Cameron Conaway explains the thoughtfulness behind the Dalai Lama’s controversial “No answer” answer.
According to this CNN article, when asked if Tibetan monks should stop setting themselves on fire as a way to protest China’s occupation of Tibet, the Dalai Lama said, “No answer.” He went on to explain how it is a sensitive political issue and that he has retired from politics since he handed over Tibetan political responsibility to Dr. Lobsang Sangay last November.
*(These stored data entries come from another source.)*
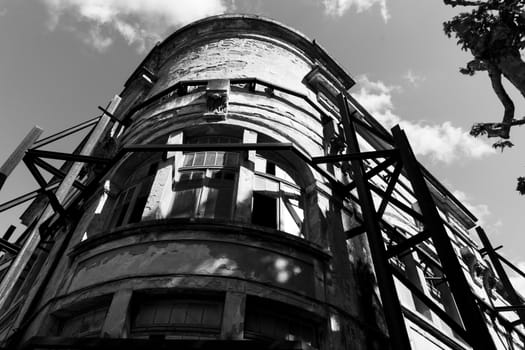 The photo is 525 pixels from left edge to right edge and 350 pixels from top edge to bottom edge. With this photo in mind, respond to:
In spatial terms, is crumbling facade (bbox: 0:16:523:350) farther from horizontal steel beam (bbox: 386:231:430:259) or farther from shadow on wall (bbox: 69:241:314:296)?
horizontal steel beam (bbox: 386:231:430:259)

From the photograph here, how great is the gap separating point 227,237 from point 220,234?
12 cm

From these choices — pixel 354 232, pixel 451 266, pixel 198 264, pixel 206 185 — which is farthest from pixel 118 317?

The fact is, self-immolation makes news and news shapes public awareness and the Dalai Lama is all about awareness. Take 1963. In a desperate protest against what he saw as policies of religious inequality coming from the Diệm government, Vietnamese Mahayana Buddhist monk Thích Quảng Đức sat perfectly still as he set himself on fire and burned to death. American journalist and photographer Malcom Brown’s photo won the 1963 World Press Photo of the Year and his reporting on the event garnered him the 1964 Pulitzer Prize for International Reporting. The event brought a relatively small issue into the public eye and it was through this reverse funnel that religious equality in Vietnam began to prevail. Now, in Saigon, Vietnam, thousands visit and are inspired each year by The Venerable Thích Quảng Đức Monument, which sits just across the street from where the actual event took place.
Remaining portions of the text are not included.